Some thoughts: it seems that every year I hear about school systems seeing that some kids are falling behind and saying that the solution must be do things earlier and with more intensity. Usually there are also then articles from those who are experts in childhood development saying this is the wrong approach and that children learn by play, which needs to be encouraged. Somehow the school districts never seem to pay attention to that.
How many adults could sit quietly, keeping completely focused, for an entire school day? Not many, I’d wager. But these students are expected to do so. In the article, there was a description of a 1st grade classroom. A group of students was sitting at the teacher’s desk to have discussion time with her, and it mentioned that one girl was instead standing and jumping/dancing around while answering questions. Now, my daughter is in 1st grade, and does the same thing. It’s perfectly normal for a child that age.
In the article, though, it was mentioned that most teachers wouldn’t allow that, and don’t understand that children learn in different ways, but that this particular teacher knew the girl was engaged in the lesson and so was okay with it. How sad is it if our teachers don’t know that this age-appropriate, developmentally appropriate? I remember when I was teaching 3rd grade. I had a student who just truly needed to be standing and moving around to do his work. I made an agreement with him where he could do that, provided he was within reach of his desk. Suddenly, his behavior problems weren’t a problem, because he was able to do his work. When I praised him and recommended him for an accelerated program, though, I was met with skepticism.
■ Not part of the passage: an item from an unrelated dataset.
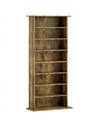 HOMCOM 360 CD Storage Unit - Rustic Brown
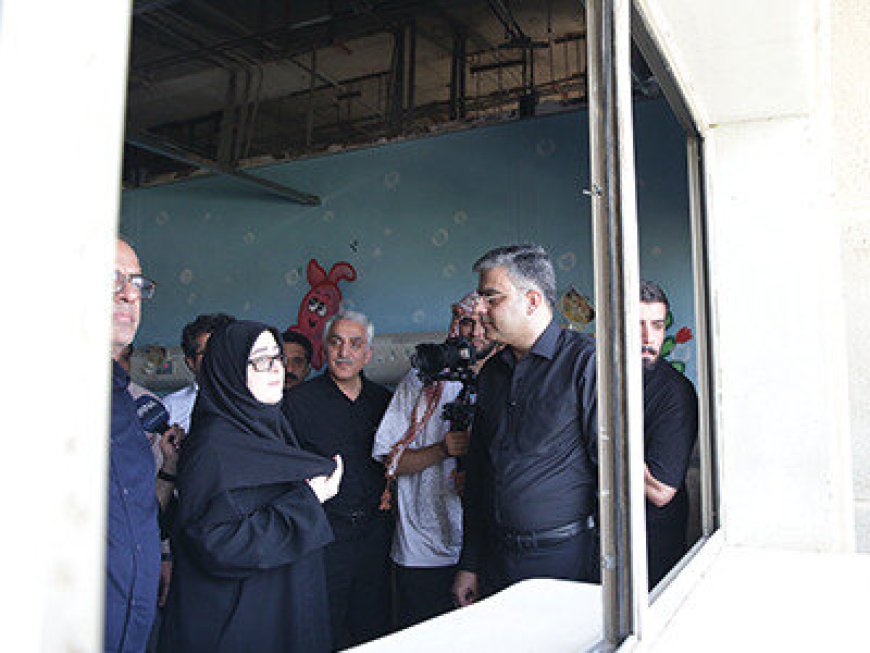 سخنگوی دولت از بیمارستان آسیب‌دیده بوشهر بازدید کرد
My own children wouldn’t do well in a program where they had to sit quietly for hours on end. K needs to walk around to think about his ideas. C needs to bounce around. Often they try to sit on my birthing ball to do their work. And really, I don’t want them to just sit still all day. Don’t we hear every day about the obesity problem and that children (and adults) aren’t active enough? Why would I then want to make them develop the habit to be sedentary during most of their waking hours?
So really, I just want kids to be allowed to be kids. It’s how they learn best. Maybe we should change our methods to match their reality and development, instead of expecting them to just be quiet and sit still to make our lives easier.